Four days later she set up in front of 30 patrons.
“I get up on my stool and I was like, Oh my God, I’ve lost my mind!
“Just start painting, just stick your brush in the paint,” she guided herself, faking calmness.
“They were asking, ‘Are you going to paint?’ And I said, ‘Yes, I think I am.’”
She began to paint exactly what she saw through the window. She hadn’t even finished View from the Café when a woman wanted to buy it.
“Then another woman came up and said: No, I want it. And I thought, OK, someone will buy one of my paintings for $1,500. And that’s when I thought, perhaps I can do this.”
With a little more confidence and a love of architecture and buildings, she knew if she could get commissions for structures she’d have a good, steady income. She just needed one person to ask for a commission.
When a friend was looking for a wedding gift but couldn’t afford her commission price of $600, Pye-Beshara dropped the price to $150 and, with a promise not to tell anyone, her friend accepted it.
It was the commission she needed.
“There are gorgeous houses in Georgian Bay, so I started getting lots of commissions.”
She continued with the commission work from 2006-08.
“I was actually making a living at art. With each painting that sells you get more confidence. I just never could have imagined that could be me. I’m still in disbelief really.”
Sitting in the café, Pye-Beshara found herself painting and talking all the while, sometimes to 300 people a day.
“I didn’t know I had those skills. People talk to you about serious things. It’s like therapy really. I was like a bartender, because I was there, I was pretty stationary and people could just come and chat. I knew all about people’s divorces. I knew everything, but didn’t say anything.”
She chatted with hundreds of people and then felt terrible if she didn’t recognize them when they said “Hi” at the supermarket.
One day a woman whose brother had just died walked up to her.
“Apparently we used to talk. He’d come every two or three months, specifically to sit and we’d chat.”
Before he passed away he asked his sister to tell the artist that the conversations they’d had changed his life and affected him so greatly he wanted to say thanks.
“I didn’t remember him, and I felt awful. That was my turning point. I felt so, so bad and Besh said, ‘Listen, you’ve got to listen to the positive of that story. Just know that your interaction was great because you were sincere.

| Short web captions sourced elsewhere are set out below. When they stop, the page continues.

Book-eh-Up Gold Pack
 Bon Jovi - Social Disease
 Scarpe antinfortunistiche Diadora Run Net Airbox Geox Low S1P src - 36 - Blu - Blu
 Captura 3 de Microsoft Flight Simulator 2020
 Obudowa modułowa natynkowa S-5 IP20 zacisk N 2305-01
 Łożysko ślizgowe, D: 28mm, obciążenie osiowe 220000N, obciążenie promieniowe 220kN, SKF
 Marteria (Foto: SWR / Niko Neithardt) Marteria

It doesn’t mean you have to remember it.’ And that’s when I thought, it’s OK. As long as you’re doing it for real and at the time you’re there for the person and sincere.”
A couple of years went by and Pye-Beshara found herself getting anxious about the work. She moved across the street to a public art studio. Some of the artists there weren’t working on commissions but painting for themselves, something she longed to do.
“It wasn’t actually until we moved back to Newfoundland (in 2009) that I finally made the big decision to stop doing commissions.
“Something opened up when I moved back here, something unlocked for me. I was just super inspired. To be back where my favourite artists are was another thing that made me step up my game. Because I’d think, imagine if Gerry Squires ever sees my paintings. They gotta be good.”